This is no conventional war to which he is being called. I will ask students to speculate on what kind of war this is and on what feelings and attitude his voice expresses in this poem. What did he go through before he heard the calling? Of course, the "calling" he hears is an experience he is having with voice. Is the calling coming from the outside or inside him? If outside, what or who could it be; if inside, what is it? Is it a positive voice? How do you know? He says he waited sixteen years for this time. Why was he waiting? What happened that caused this voice to call him
now
? How did it happen that the voice was calling him to be
writer
, or
scientist
? Are those simply two contrasting careers he is juxtaposing? I have way more questions than I have answers, so I hope my students will be able to come up with some possible answers. And then, I will encourage them to try writing about whether they have experienced
a calling
to
make a change in their
lives, or, to explore if they were to hear
a calling,
what might it be calling them away from, and toward what is it calling them? Once we have followed the progression of Rodriguez's eight stanzas, possibly using a graphic organizer to chart this progression, students may choose to follow Rodriguez's format to develop the progression of
their
calling.
"The Journey"
In the last of these five free verse poems, the narrator in "The Journey" by Mary Oliver speaks of the main character in second person, and with clear conviction from the first lines:
One day you finally knew
what you had to do, and began,
though the voices around you
kept shouting
their bad advice__ (Oliver, 38)
And in spite of the familiar tugging and voices imploring the protagonist to stay, the lines unfold:
But you didn't stop.
You knew what you had to do (Oliver, 38),
And from a dark, stormy night, and a street strewn with branches and stones, the protagonist pushes on, and eventually sees stars burning through the night sky and hears, not the voices pulling him back, but his own voice keeping him company, as he strides out into the world. Oliver's poem is rich with images that enhance the trepidation and difficulty the traveler must be experiencing, and the word
finally
that appears in the very first line, implies that the he has been entangled back in that trembling house for some time. But in the final lines in the poem, the reader learns that the traveler is:
determined to do
the only thing you could do--
determined to save
the only life you could save (Oliver, 38).
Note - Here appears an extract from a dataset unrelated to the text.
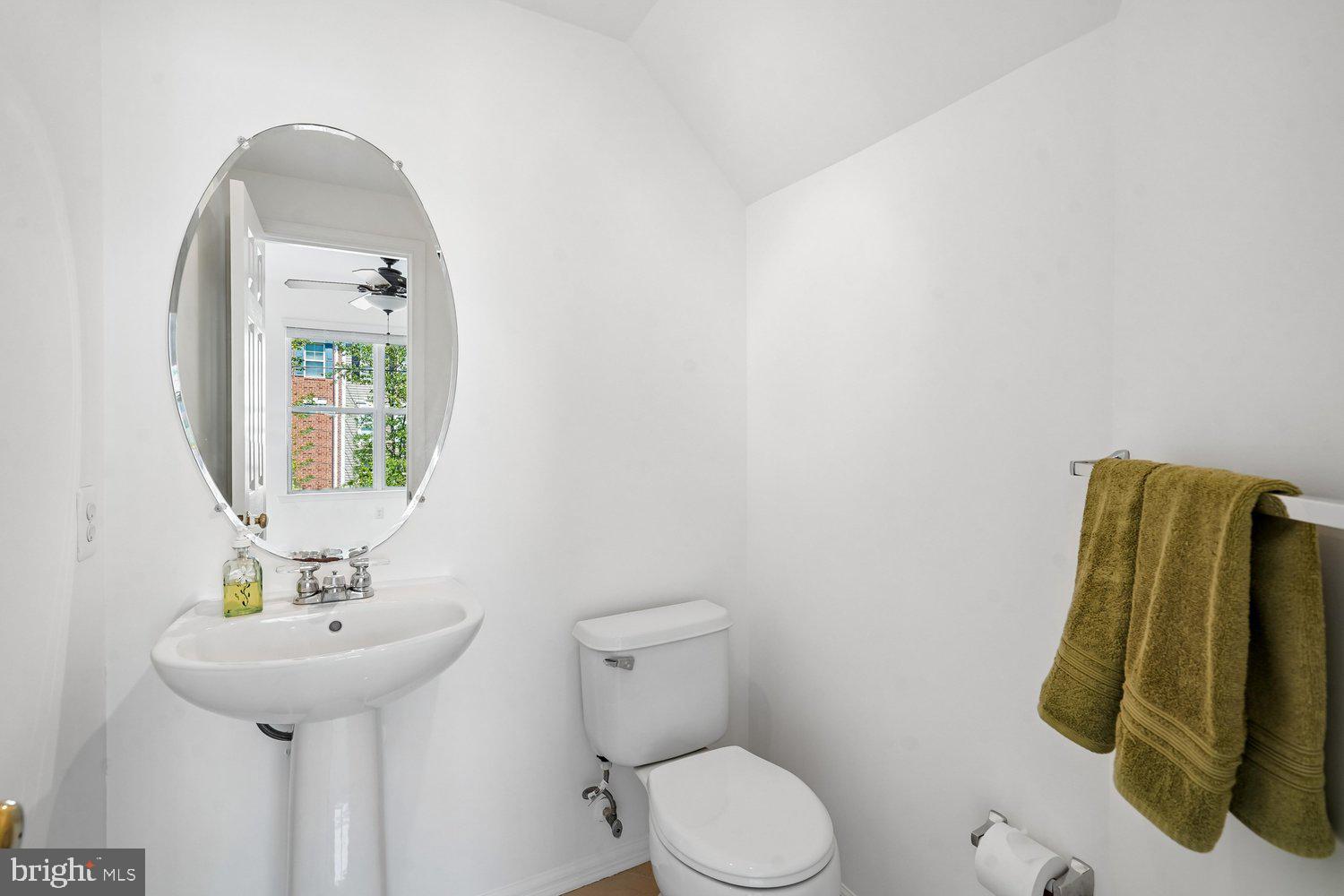 BROADLANDS - Residential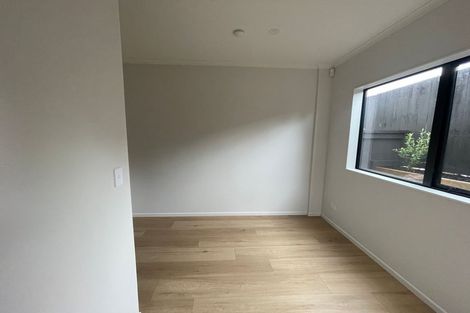 Photo of property in 8d Minaret Drive, Bucklands Beach, Auckland, 2014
There is a momentum that builds in Oliver's poem from the very first line. It carries the protagonist forward and contributes to his/her determination to escape. There is no stopping. I hope when my students read "The Journey" out loud, they will be able to sustain this driving force that I think is an integral part of the poem. The phrasing, the images, the progression of the traveler stumbling from a terrible, stormy night to one of stars and adventure helps convey how the protagonist feels about him/herself.
The second part of the Language Arts CAPT questions asks the students to choose the most important passage from the story they have read and discuss what it means and why they think it is the most important. They may write about what the quote is saying or showing about a character, the theme, or the conflict. I think "The Calling" and "The Journey" would be excellent choices for this activity.
For these five poems, I am planning to have the students complete a chart or graphic organizer that compares the voices of protagonists who see themselves as victims and stay victims, and who see themselves as victims or caught in some way but are trying to liberate themselves, and those who actually succeed in liberating themselves. (See Lesson # 3.) I am exploring the idea that in our lives we all feel caught, from time to time, by various situations. When do we give up and remain caught, and when and how do we try to free ourselves and fail, and when and how do we succeed in liberating ourselves? The voices in these poems express these alternatives. I want to challenge my students to think about these questions in relation to their own lives.